I feel exhausted from simply 'thinking about it'. But whenever I do I get to look at myself and I come to wonder whether that might just be 'normal fatigue'. But odd how this fatigue only kicks in while I'm taking this stance; While up unto that point everything was just fine.
It is however ... a thing. Its 1:47 a.m. - and I "probably shouldn't be doing these things". But when I so get to bed and wake up the next day; Nothing has been gained from it. Except maybe that I find myself under some 'sexual need' without any handles to satisfy them. Writing about these things however gets to be satisfying. Except once I've written myself too far into a corner.

This corner ... that can be both sides. Either I'm too pessimistic about it; Or I've been openly optimistic about it. In the first case I come to more and more excuse myself for what I am - and eventually my thoughts are just "too far out the window" for them to be a reasonable thing to write about. In the latter, well, I feel like I've done what I could and don't know how else to dig into it. ... Maybe I just sense controversy and don't know the right way to address it.


"The curse of Practicality"

"Sanity" - well, let me be straight. I'm lazy. I'm too lazy to go see a doctor about it, but I have a problem with my butt. I got a fissure and sometimes I bleed more than other times. My teeth are yellow and disintegrating. I'm underweight. From masturbating my spine is curved since on the right side my muscles are "developed" and on the other they are not. My 6 pack is like 3 toy cars next to 3 monster trucks. These are generally speaking 'sane reasons' why I can't be a whore.
Nobody would want their dick in my mouth or my saliva on their skin; Nor would taking me from behind be all that fun. Plus I'm super skinny and deformed.

"On top of that" - well - I have it that most of the people I'm into are female - although some of them "should be" male. I think. So is there for once the possibility that there's a reason for that. Instead of fucking me I might be the one fucking them. I could think of it as some holiday. Here however I don't think I have an option and that solves a few of my conflicts. Kindof.
I'm transsexual and even if they were horny for the male me I couldn't really be happy that way. I could be, for a while. But ... I feel like the time for that is faaaaar into the future rather than near.
However - the context still remains. That of 'me with them' in some non sex-working manner. That there be some space where I could pursue my hobbies; Not demanding myself to be prostituted although thats what I should be - just cause "others" are going to.
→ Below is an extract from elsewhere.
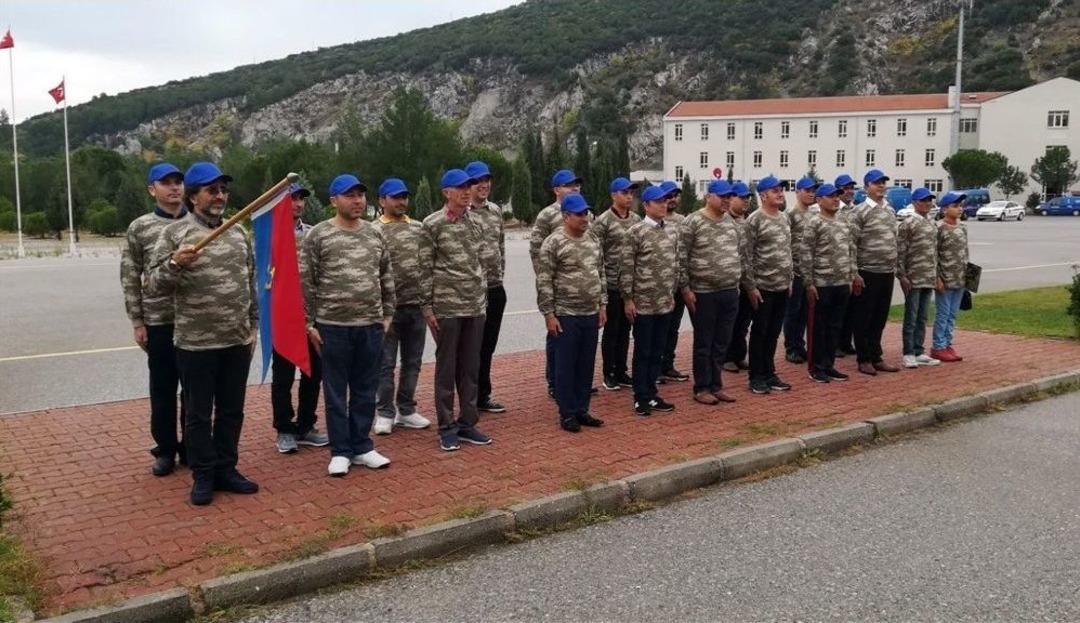 19 Yıl Sonra Tekrar İ&ccedil;timaya &Ccedil;ıktılar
Beyond that, well, my dreams are possibly too wild as well. What I'm asking for is basically a life entirely submerged within sexual duties. One of my 'main kinks' is that of having my privacy replaced with it. Therefore I dream of being locked up, as an abductee held captive as a sex slave. Thats where the 'hobby' thing starts to fall apart. But I'll get to that. Needless to say, there's a practical problem with this. Or is it?
Technically its not a problem at all. But it depends of course. And here's a sane argument: The extent to which I'm 'locked up' is to correlate to the amount of demand I'm exposed to. I would picture myself in a "raw state" as simply 'put into place'. That being about my partners and what they do to me in terms of appearances. So, first establishing that to the public I'm their 'pet' - and that would already be an up in my so far conceived quality of life. Privacy and stuff I do - thats not regarded. I could be 'free' - though, the more this situation would be "occupied respectively" the less of that "internal freedom" I had, or needed.
And on a sidenote: Regarding certain kinks the state of my butthole doesn't matter.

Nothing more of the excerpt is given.